Neither instance is being termed Koran mishandling: One involved placing two Korans on a television, General Hood said, and in the second the Koran was not touched, and the perceived insult was unintentional.

"We've also identified 15 incidents where detainees mishandled or inappropriately treated the Koran, one of which was, of course, the specific example of a detainee who ripped pages out of their own Koran," the general added.

He appeared to be referring to a report cited repeatedly by Pentagon officials, including Gen. Richard B. Myers, the chairman of the Joint Chiefs of Staff, that a detainee had torn pages out of a Koran and used them to stop up a toilet, perhaps in protest of his treatment.

The abuse of detainees, especially at the Abu Ghraib prison in Iraq, has embarrassed the military and the Bush administration and created a political challenge as they defend the campaign against global terrorism against accusations that it is anti-Islam.

"We're in an environment where people react to impressions," Lawrence Di Rita, the Pentagon spokesman, said at the news conference Thursday about Guantánamo.
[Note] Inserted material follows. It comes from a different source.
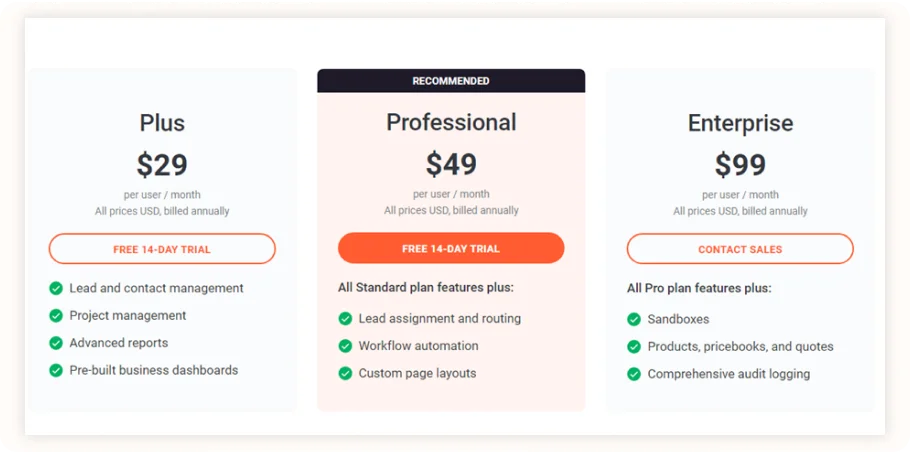 insightly pricing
"And so what we're trying to make sure people understand is that the impression they ought to have is that the guards, the interrogators, the command down there have been extraordinarily cautious, and yet there have been instances where inadvertent mishandling has occurred or other types of mishandling," Mr. Di Rita added.

General Hood's inquiry is expected to be completed in advance of a wider investigation into contentions of prisoner mistreatment at Guantánamo. That broader report could be even more critical of the military because it is based on statements from F.B.I. agents - not detainees, whose credibility can be challenged - who say they observed abusive and possibly illegal treatment of detainees.

"I want to assure you that we are committed to respecting the cultural dignity of the Koran and the detainees' practice of faith," General Hood said. "Every effort has been made to provide religious articles associated with the Islamic faith, accommodate prayers and religious periods, and provide culturally acceptable meals and practices."

For the inquiry into Koran abuse, investigators reviewed three years' worth of records and 31,000 documents, both electronic files and on paper, the general said.

General Hood said he was confident that "guidance to the guard force for handling the Koran is adequate" at Guantánamo - at least the procedures for handling the Koran ordered in January 2003.

But he acknowledged "that there was a significant period of time at the very beginning of operations in Guantánamo, in which there were not written guidelines" governing how to handle a Koran.